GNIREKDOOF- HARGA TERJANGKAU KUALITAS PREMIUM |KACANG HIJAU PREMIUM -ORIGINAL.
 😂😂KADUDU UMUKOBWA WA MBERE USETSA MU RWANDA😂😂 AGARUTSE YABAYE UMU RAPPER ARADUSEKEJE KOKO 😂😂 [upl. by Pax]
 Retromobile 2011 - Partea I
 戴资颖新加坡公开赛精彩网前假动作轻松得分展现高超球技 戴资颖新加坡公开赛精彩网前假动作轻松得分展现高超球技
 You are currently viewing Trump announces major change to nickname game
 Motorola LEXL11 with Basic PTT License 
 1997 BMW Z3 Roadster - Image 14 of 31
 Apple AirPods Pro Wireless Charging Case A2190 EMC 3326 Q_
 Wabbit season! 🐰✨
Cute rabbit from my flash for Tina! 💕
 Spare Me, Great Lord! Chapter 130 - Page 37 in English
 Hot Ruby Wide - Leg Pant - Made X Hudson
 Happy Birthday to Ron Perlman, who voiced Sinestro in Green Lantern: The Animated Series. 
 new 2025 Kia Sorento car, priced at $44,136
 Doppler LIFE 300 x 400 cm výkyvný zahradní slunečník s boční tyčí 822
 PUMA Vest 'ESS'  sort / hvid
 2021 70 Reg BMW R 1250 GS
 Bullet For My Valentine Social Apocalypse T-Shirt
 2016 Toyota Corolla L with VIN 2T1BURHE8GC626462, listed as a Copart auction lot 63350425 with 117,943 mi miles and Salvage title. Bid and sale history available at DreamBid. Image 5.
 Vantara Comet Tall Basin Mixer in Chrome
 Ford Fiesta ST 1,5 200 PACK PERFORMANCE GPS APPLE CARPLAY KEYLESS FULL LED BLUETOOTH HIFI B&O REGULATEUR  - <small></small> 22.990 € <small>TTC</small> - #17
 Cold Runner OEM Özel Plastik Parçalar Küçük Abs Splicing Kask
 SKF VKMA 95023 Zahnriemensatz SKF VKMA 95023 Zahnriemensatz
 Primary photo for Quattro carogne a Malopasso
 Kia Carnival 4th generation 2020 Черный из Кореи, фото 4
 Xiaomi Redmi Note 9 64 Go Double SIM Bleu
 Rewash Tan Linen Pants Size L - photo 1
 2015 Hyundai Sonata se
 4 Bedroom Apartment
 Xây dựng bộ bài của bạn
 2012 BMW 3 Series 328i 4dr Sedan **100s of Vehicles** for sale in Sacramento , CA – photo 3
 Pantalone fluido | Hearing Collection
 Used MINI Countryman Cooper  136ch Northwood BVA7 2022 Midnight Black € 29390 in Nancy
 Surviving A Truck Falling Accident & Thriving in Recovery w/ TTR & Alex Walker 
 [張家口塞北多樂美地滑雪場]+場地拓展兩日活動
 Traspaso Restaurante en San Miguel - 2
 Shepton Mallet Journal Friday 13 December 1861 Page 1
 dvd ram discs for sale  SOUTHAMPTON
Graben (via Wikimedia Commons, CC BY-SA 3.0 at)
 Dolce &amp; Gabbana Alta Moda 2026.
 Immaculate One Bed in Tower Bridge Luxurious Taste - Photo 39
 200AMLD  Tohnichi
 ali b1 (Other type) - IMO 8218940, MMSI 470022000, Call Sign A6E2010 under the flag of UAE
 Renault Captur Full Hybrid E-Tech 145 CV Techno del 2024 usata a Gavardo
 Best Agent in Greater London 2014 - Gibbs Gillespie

◆ DESCRIPTION OF THE TASK
Among the records above, a stretch begins at the line containing "2021 70 Reg BMW R 1250 GS" and ends at the line containing "Renault Captur Full". Restate that stretch word for word, and nothing else.

◆ TASK SOLUTION
 2021 70 Reg BMW R 1250 GS
 Bullet For My Valentine Social Apocalypse T-Shirt
 2016 Toyota Corolla L with VIN 2T1BURHE8GC626462, listed as a Copart auction lot 63350425 with 117,943 mi miles and Salvage title. Bid and sale history available at DreamBid. Image 5.
 Vantara Comet Tall Basin Mixer in Chrome
 Ford Fiesta ST 1,5 200 PACK PERFORMANCE GPS APPLE CARPLAY KEYLESS FULL LED BLUETOOTH HIFI B&O REGULATEUR  - <small></small> 22.990 € <small>TTC</small> - #17
 Cold Runner OEM Özel Plastik Parçalar Küçük Abs Splicing Kask
 SKF VKMA 95023 Zahnriemensatz SKF VKMA 95023 Zahnriemensatz
 Primary photo for Quattro carogne a Malopasso
 Kia Carnival 4th generation 2020 Черный из Кореи, фото 4
 Xiaomi Redmi Note 9 64 Go Double SIM Bleu
 Rewash Tan Linen Pants Size L - photo 1
 2015 Hyundai Sonata se
 4 Bedroom Apartment
 Xây dựng bộ bài của bạn
 2012 BMW 3 Series 328i 4dr Sedan **100s of Vehicles** for sale in Sacramento , CA – photo 3
 Pantalone fluido | Hearing Collection
 Used MINI Countryman Cooper  136ch Northwood BVA7 2022 Midnight Black € 29390 in Nancy
 Surviving A Truck Falling Accident & Thriving in Recovery w/ TTR & Alex Walker 
 [張家口塞北多樂美地滑雪場]+場地拓展兩日活動
 Traspaso Restaurante en San Miguel - 2
 Shepton Mallet Journal Friday 13 December 1861 Page 1
 dvd ram discs for sale  SOUTHAMPTON
Graben (via Wikimedia Commons, CC BY-SA 3.0 at)
 Dolce &amp; Gabbana Alta Moda 2026.
 Immaculate One Bed in Tower Bridge Luxurious Taste - Photo 39
 200AMLD  Tohnichi
 ali b1 (Other type) - IMO 8218940, MMSI 470022000, Call Sign A6E2010 under the flag of UAE
 Renault Captur Full Hybrid E-Tech 145 CV Techno del 2024 usata a Gavardo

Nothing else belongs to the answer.